Stolen Generations health resources ensure survivors not lost in the crowd
The doctor’s office can be a vulnerable experience, and for those of the Stolen Generations, the experience can be particularly uncomfortable. However, the launch of a new set of resources is working towards improving the support general practitioners, dentists and aged care providers give to Stolen Generations survivors interacting with their services.
Launched on December 5 by Minister for Indigenous Australians, Ken Wyatt, the resources are a combined creation from the Healing Foundation, who worked with Stolen Generations survivors and peak bodies to create the resource set, including the Royal Australian College of General Practitioners, the Australian Dental Association, Aged and Community Services Australia and the Aged Care Industry Association.
The resources were inspired by research from the Australian Institute of Health and Welfare in 2016 that identified 17,000 Stolen Generations survivors in Australia, noting that by 2023 all will be aged over 50 and eligible for aged care.

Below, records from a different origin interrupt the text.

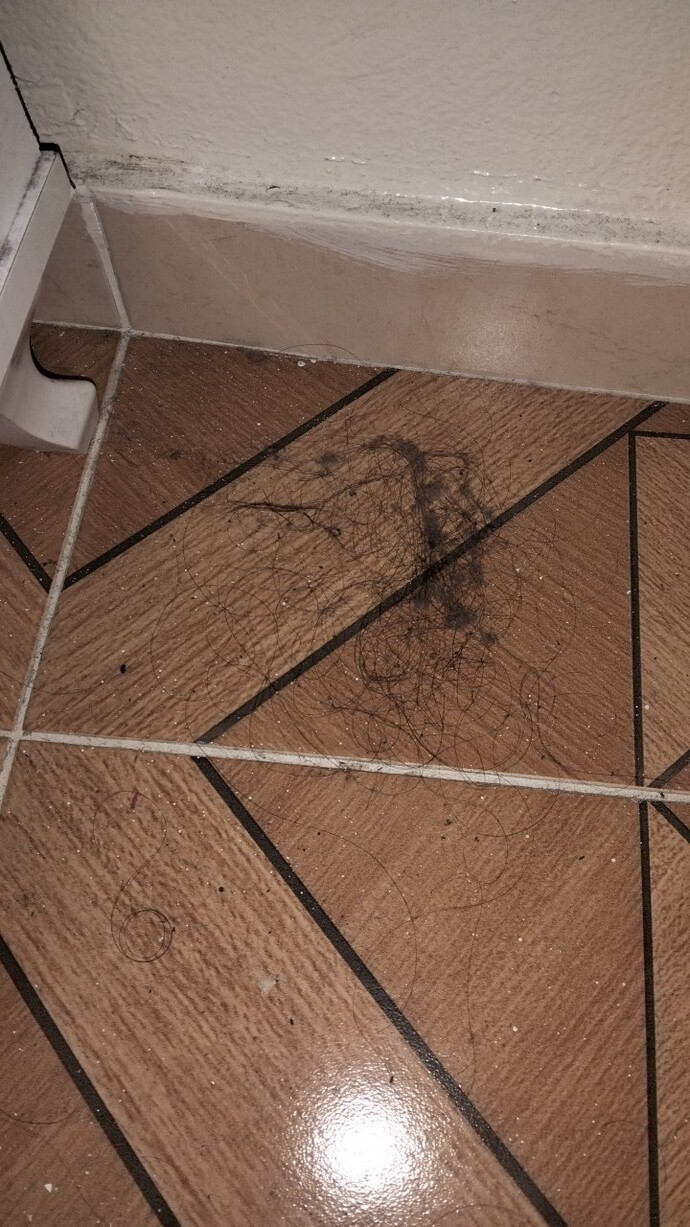 Benden başka kimse evi temizlemiyor şimdi bu rezillik değil de ne?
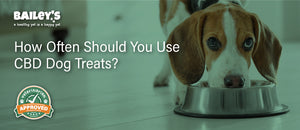 How Often Should You Use CBD Dog Treats?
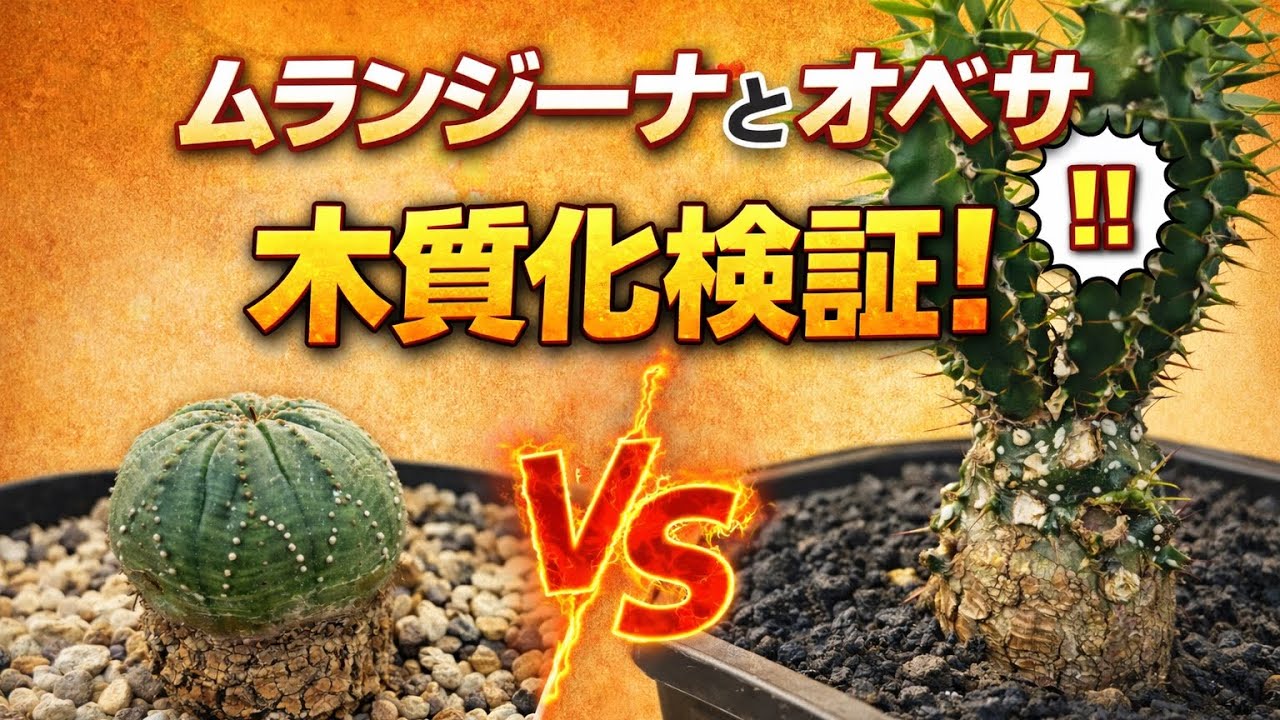 ムランジーナとオベサを木質化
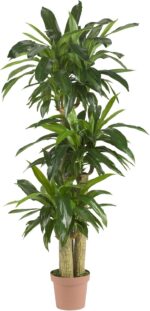 Nearly Natural 62IN Artificial Corn Stalk Dracaena Plant, Tall Fake Plant for Indoor Home Décor, Real Touch Faux Plant - Image 2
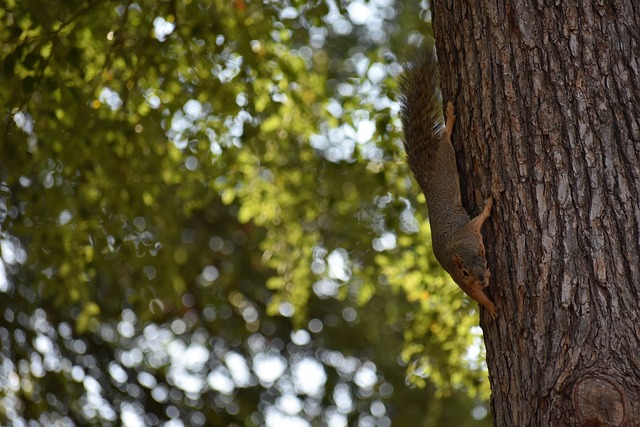 整场比赛竟 整场比赛竟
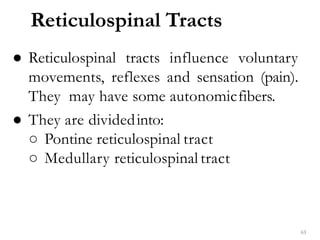 Reticulospinal Tracts
63
● Reticulospinal tracts influence voluntary
movements, reflexes and sensation (pain).
They may have some autonomicfibers.
● They are dividedinto:
○ Pontine reticulospinal tract
○ Medullary reticulospinal tract
 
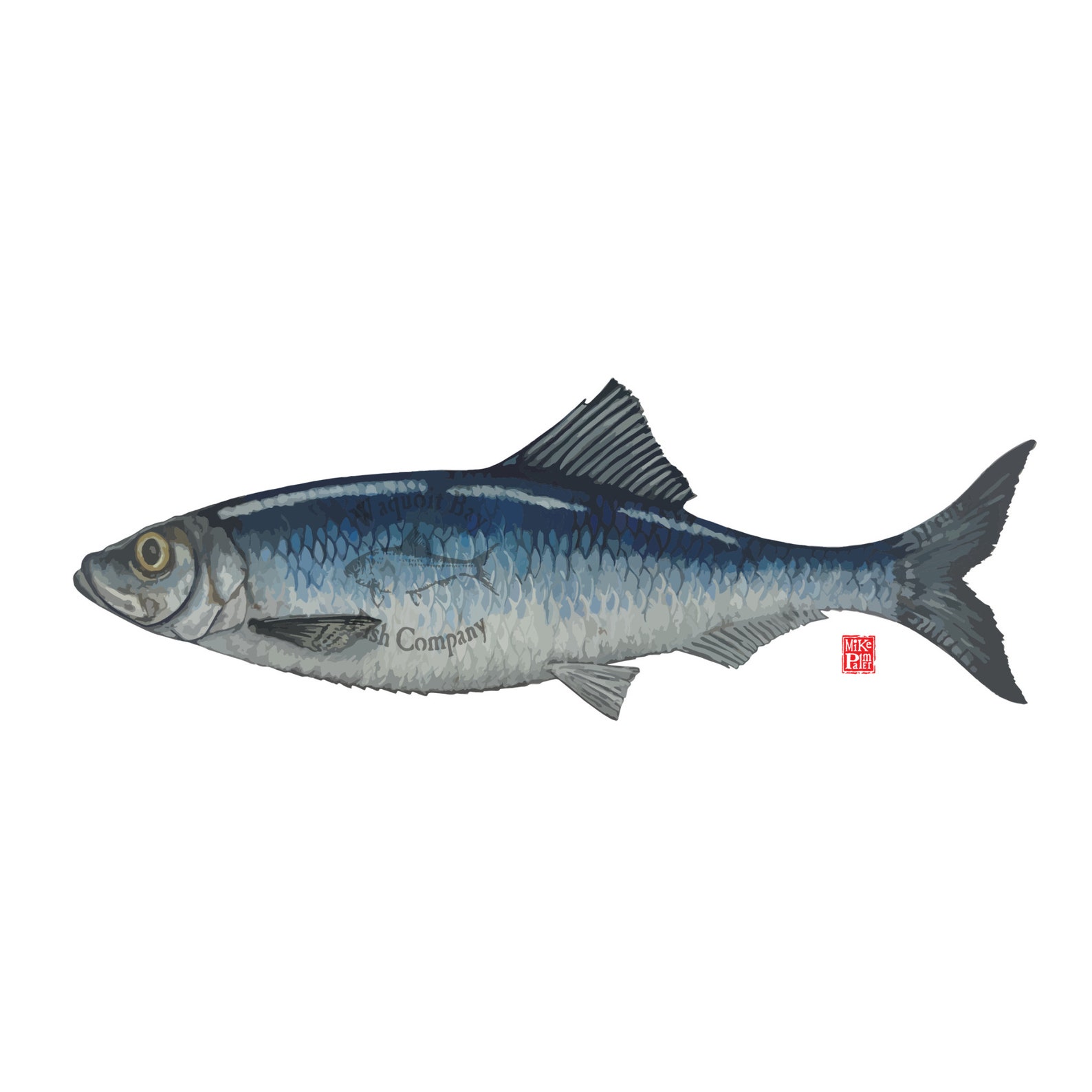 Atlantic Herring Vector Art Fish Vector Art Atlantic Herring Etsy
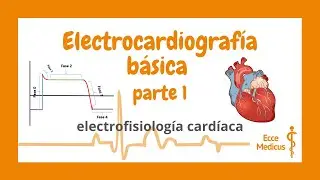 Electrocardiografía básica: 1 - electrofisiología cardíaca.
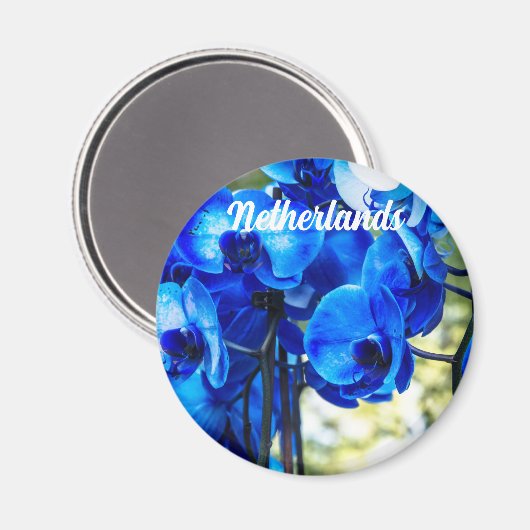 Blauwe orchideeën magneet (Voorkant / Achterkant)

Chair of The Healing Foundation’s Stolen Generations Reference Group, Ian Hamm, said the research highlighted the health standards, access and taking up of health services, dental services and aged care services of Aboriginal people, in particular Stolen Generations survivors.
“One of the real issues for people is having to go back into spaces where they felt uncomfortable or unsafe, particularly aged care services which are often residential. Which was to a lot of people what they had experienced as children, so the issue of re-traumatisation became a real one,” Mr Hamm said.
“In terms of access to medical and dental services, when you go and seek those [services] you are in a vulnerable situation anyway – one of the issues that came up was that people felt as though they had to tell their stories again to justify their nervousness of their reluctance to access services.”
The fact sheets and resources are designed to improve mainstream services and increase empathy and understanding.
“You can get lost in the crowd, it’s as simple as that. Those who don’t specialise in dealing with the Aboriginal community, the Stolen Generations is a subset, they look at us all as Aboriginal when that isn’t the case. We are a group within a group within a group, it’s not so much we are forgotten, we are just not thought of in the first place.”
“That is why this is important, to raise the issue that this is a group that has needs, within a larger group that has needs. This isn’t easy stuff; it is hard and it is difficult but we shouldn’t shy away from [it] … and [it’s] something we can’t walk away from simply because it might be hard.”
Far from the end of this project, plans are underway for the development of resources for hospitals, allied health professionals and disability services.
“There is always more work we want to do … access to housing services, access to associated health services or allied health services,” Mr Hamm said.0
Mr Hamm said being part of the development of the resources within the Healing Foundation’s Stolen Generations Reference Group has been a powerful experience and one that gives him hope for his people.
“The circumstances of my removal, compared to others, I have done okay … I have fortunate circumstances compared to others, I have an obligation to use my circumstances to support others who were by far not so fortunate,” he said.
“And I can’t bear the thought of people having a rubbish life through no fault of their own, other than having to be born a particular race, as in our case Aboriginal.”
The resources are part of the Healing Foundation’s Action Plan for Healing project, funded by the Department of Prime Minister and Cabinet in 2017 following the 20th anniversary of the 1997 Bringing them Home report.